Logicamente deveria incitar os pobres dos trabalhadores a vociferarem o seu
protesto contra a entidade patronal, ou seja contra ele próprio. É a táctica
usual em casos semelhantes, não se percebe que o bom costume revolucionário não
seja cumprido. Coitado do Cunhal e de toda a cunhalada à sua roda. E coitados
afinal de todos nós nesta confusão infernal sem deuses nem diabos para um
equilíbrio ecológico. Eu fico varado de estupefacção ao ver que pouca gente se
dá conta da convulsão mundial. O descalabro comunista foi o remate visível de
uma revolução incomensurável em todos os domínios de se ser humano no Mundo.
Sinto isso profundamente em todos os modos de me pensar e sentir. E de tal modo
que me sinto ridículo ao pôr sequer a hipótese de vir a pensar romance na
hipótese retroactiva de ter tempo, ou seja vida para fazê-lo. Como é que se
sentem os meus confrades mais jovens, cheios ainda de disponibilidade no organismo?

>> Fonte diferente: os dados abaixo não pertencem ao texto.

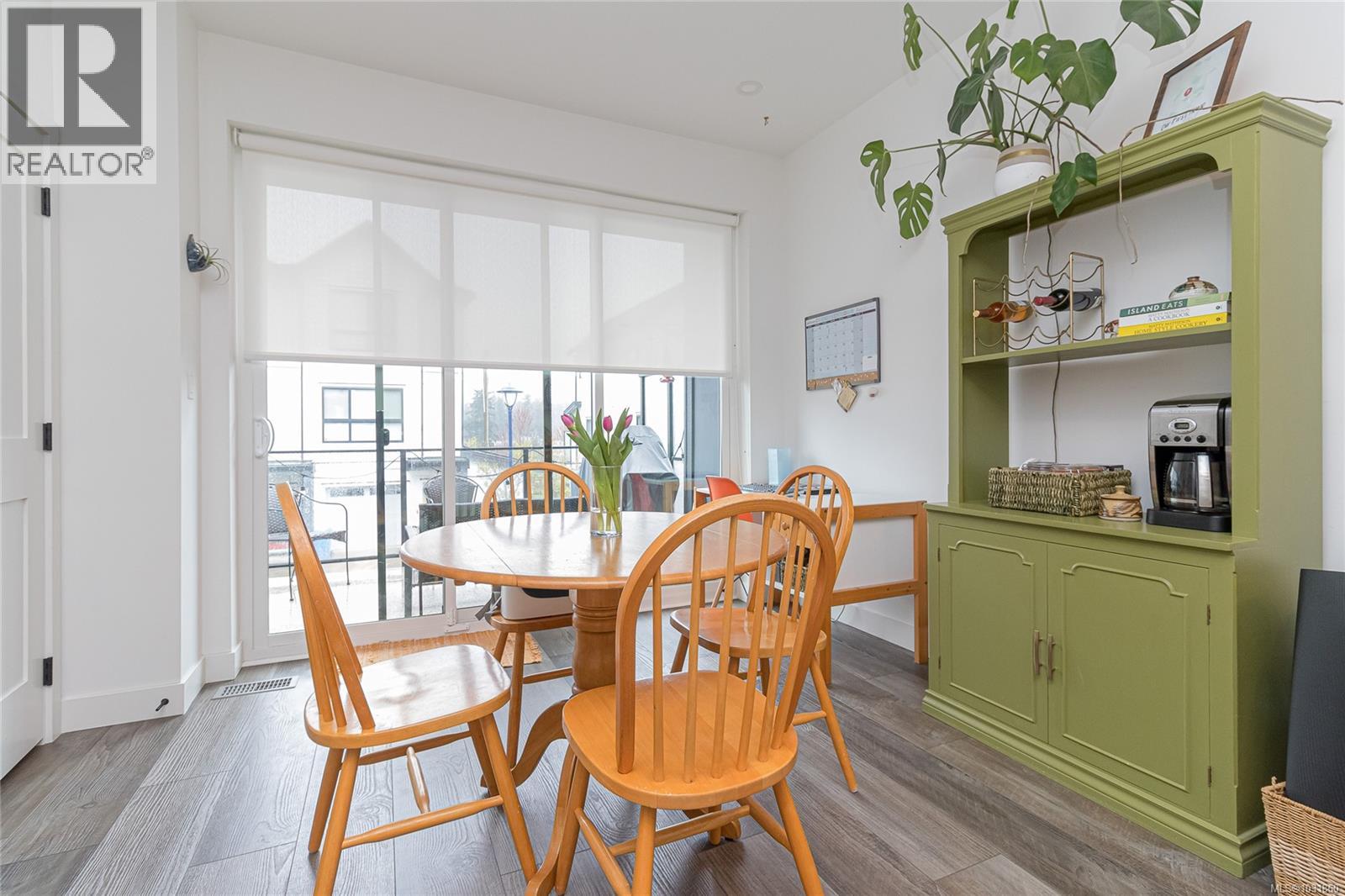 1047 BOXCAR CLOSE - 8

Que é que eles poderão pensar ao pensarem escrever? Pois escrever o quê? A que
propósito? Com que intenções pias de progressismo? Com que desplante num mundo
em decomposição? Com que lata de não parecerem parvos? Ou serei eu apenas
tarado? O que não se entende na pretensa confusão ou o que não é apenas
confusão mas claro como uma régua? Será uma sandice o meu Em
Nome da Terra que fala de desagregação e de morte e de detritos humanos
e culturais? Vou interrogar-me a sério para ser menos sandeu. Vou pôr a
hipótese de ser eu o parvo para que a Humanidade em maioria seja sensata e
harmoniosa. Vou, vou.
Enquanto olho o
sol da tarde que me ilumina o escritório com a mesma inocência e verdade
prática com que iluminou a terra dos dinossauros e ilumina as bolas de pedra
cheias de buracos, que são os outros planetas.